Die Schüler bekamen Einblicke in das Berufsleben. (Foto: SZ- kö)

In der achten Klasse machen die 43 Schüler der Michel-Buck-Schule ein Betriebspraktikum und so werden erste Weichen für die Berufswahl gestellt. Jetzt haben sich sechs Betriebe, das Autohaus Braun & Maurer, das Kreiskrankenhaus, die Firma Rampf, Frisör Klier und das Bildungszentrum Holzbau und Aldi, den Schülern in der Schule vorgestellt.

„Bei uns kommen fast alle Lehrlinge von der Michel-Buck-Schule“ sagte Konrad Aierstock, Inhaber vom Autohaus Braun & Maurer, so auch Ismail Chahil, der seinen Chef an seine alte Schule begleitet hat. Für ihn war der Beruf des Kfz-Mechatronikers schon immer der Traumberuf. Er hat beim Autohaus Braun, das auch Bildungspartner der Schule ist, sein Praktikum gemacht und dort die Lehrstelle bekommen.

Das Holzbauzentrum Biberach ist mit Zimmerer Wolfgang Schafitel im Technikraum der Schule vertreten. „Was macht ein Zimmerer?“ fragte der die Schüler. „Dächer“ wissen diese und auch, dass man dafür schwindelfrei sein muss. Man muss auch um die Ecke denken können, erklärte der Zimmerer ihnen, und wofür die Kluft gut ist, die er bei der Arbeit trägt. So schützt der Hut mit der breiten Krempe vor der Sonne, die weiten Beine der Schlaghose sorgen dafür, dass keine Sägespäne in die Schuhe fällen. Schafitel erzählte den staunenden Schülern auch, was es mit der Walz der Handwerksburschen auf sich hat.

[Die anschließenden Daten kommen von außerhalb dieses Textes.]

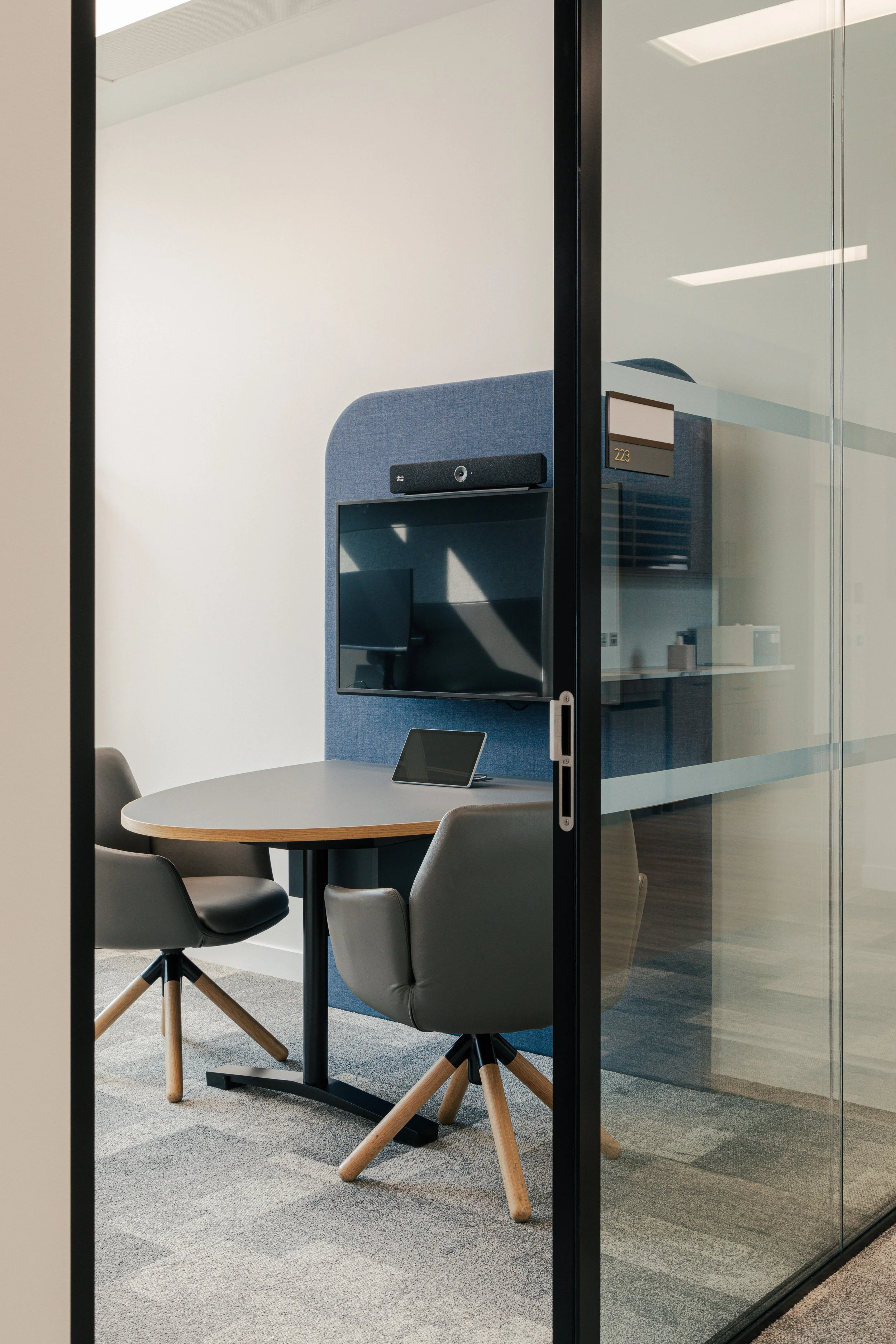 Richmond architecture and interior design firm SMBW's design for a London Investment Bank office.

Es machen nur noch wenige, aber man darf dabei drei Jahre nicht näher als 50 Kilometer an zuhause kommen. Die jungen Handwerker reisen mit leichtem Gepäck, sollen unterwegs andere Techniken, fremde Gegenden und Länder kennenlernen. „Früher wurden so unterschiedliche Techniken weitergegeben“, sagte Schafitel.

Thomas Gaßmann von der Firma Rampf sucht Lehrlinge, die auch bei der Firma bleiben. „Gute Hauptschüler sind unser Klientel“, betonte er. Im Vergleich zu anderen Jahren gab es 2019 viele Bewerber. Rampf bildet sechs Feinwerkmechaniker, einen Technischen Produktdesigner, einen Elektroniker für Betriebstechnik und einen Feinwerkmechaniker pro Jahr aus und hat derzeit 25 Lehrlinge.